La generazione del dopo guerra ha tratto il massimo insegnamento dai nefasti giorni di non democrazia e, ancor prima, di mancanza di unità nazionale. Sempre, la politica ha dovuto fare i conti con la morale, e quindi con l’etica, per avviare la riconsiderazione dell’uomo in termini di società e di nazionalità. I giovani del dopo guerra hanno capito bene la lezione del passato e, quando è stato possibile, in molti (poi in tanti) hanno raggiunto il massimo grado di istruzione conferendo esaltazione alla democrazia nel momento in cui il figlio dell’operaio diventava dottore. Quella esaltazione è durata poco, forse alcuni anni, al massimo un decennio, durante i quali la società andava arricchendosi di laureati e quindi avviava il progresso degli anni a venire.

Oggi quel sistema non regge più: segno evidente di una contrazione dell’agire secondo giusta causa e di una diffusa degradazione dei sistemi che non vedono più nella qualità il loro motivo di esistere, ma fanno della quantità un punto di arrivo per mire personali e per occupazione impropria di posti dirigenziali, in genere, per non parlare del globalizzante business.

Quella generazione del dopo guerra (per usare una metafora) conserva ancora oggi, e più evidente di prima, il senso forte di un insegnamento basato sulla morale e sull’etica e non si ha timore a definirla patrimonio spirituale autentico di una nazione in un momento in cui continuo è lo sfilacciamento in molti ambiti della vita pubblica.

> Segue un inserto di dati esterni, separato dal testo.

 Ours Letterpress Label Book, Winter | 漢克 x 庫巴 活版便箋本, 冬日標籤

Va dato plauso a quella esperienza normativa contro i fannulloni, e come, ma si ha difficoltà a correlarsi con altri istituti che operano secondo una loro normativa, una loro etica e un loro personale modo di agire e di essere poco correlati con le altre realtà. Si tratta di una rivoluzione morale della pubblica amministrazione, ma rimangono forti dubbi sulla autenticità del reclutamento di quelle persone per le quali mai deve insistere il senso del caporalato, ma solo e soltanto il senso del servizio, per il quale necessitano onestà, preparazione e dirittura morale. Non si è mai sicuri che agendo per bene si abbiano i risultati desiderati e si compia la felicità sociale dell’uomo. La morale, è scritto, è sempre la stessa, non si modifica a seconda del suo essere applicata alla sfera pubblica o alla sfera privata. Ma la morale tiene sempre conto dell'oggetto, della realtà a cui si applica, la morale deve tenere conto della ragione e delle necessità dell’uomo, proprio come in politica.

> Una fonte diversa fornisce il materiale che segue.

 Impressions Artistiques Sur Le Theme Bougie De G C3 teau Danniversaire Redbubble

Platone, nell’antica Grecia, durante la restaurazione democratica, ritenne opportuno fondare l’unità politica sulla saggezza e sul sapere. Non guardò alla nascente forza macedone, ma alla fiorente politica di Taranto con il pitagorico Archita e a Siracusa con il tiranno Dionisio, che cercò invano di convertire alla democrazia.

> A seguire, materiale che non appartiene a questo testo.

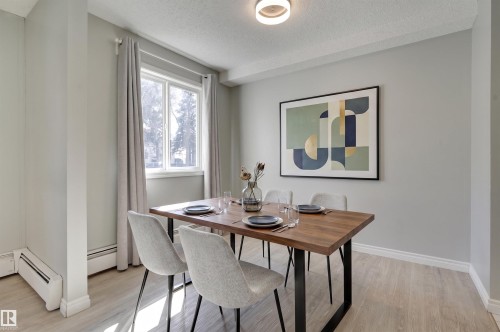 113 10838 108 Street, Edmonton, AB - Indoor Photo Showing Dining Room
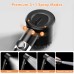 MEKO Hard Water Filter Shower Head with 15 Stage Filter, 3+1 Spray Jet Modes High Pressure Shower Head and 1.5m Hose, Handheld Massage Shower Filter for Residual Chlorine Remove (Black)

Politica e filosofia non possono non coincidere per rendere l’anima più virtuosa. Il pensiero, costruttore di ragionevolezze, coincidendo con l’anima, rende la persona e il cittadino una stessa cosa. Città-stato, ma anche uomo-stato, per cui si pensa possibile che solo attraverso un ritorno alla pratica della morale si possa esercitare una politica che non sia alla mercé di un qualsiasi imprevisto, di qualsiasi inganno, di qualsiasi tremore delle borse nel mondo e in casa propria, di un articolato e subdolo bond azionario.

Quando non ci sono denari, si può benissimo non spendere, attendere, oppure fare parsimonia e soprattutto adeguarsi senza reagire per sostituirsi allo Stato, ma ancor di più prendere consapevolezza degli sperperi del passato, della comune appartenenza del denaro pubblico e riordinare l’economia; quando il cittadino paga le tasse, in maniera sempre più esosa, occorre però che siano spesi adeguatamente, giustamente, correttamente per dare al cittadino ciò di cui ha bisogno. La irrisolutezza vanifica qualsiasi sforzo economico del semplice cittadino! Non è sostenibile il non risolvere i problemi della gente, il degrado della percorribilità, l’obsolescenza di un certo agire, il crollo o il trasferimento della produzione e del lavoro a vantaggio delle nuove professionalità imprenditoriali ammiccanti e invitanti che vanno a demolire il sistema stesso della democrazia, assieme al fragile uomo, e ai sacrifici di coloro che ci hanno preceduto, facendo persino crollare (questa volta al contrario) la stessa persona ritenuta, un tempo, valida e saggia.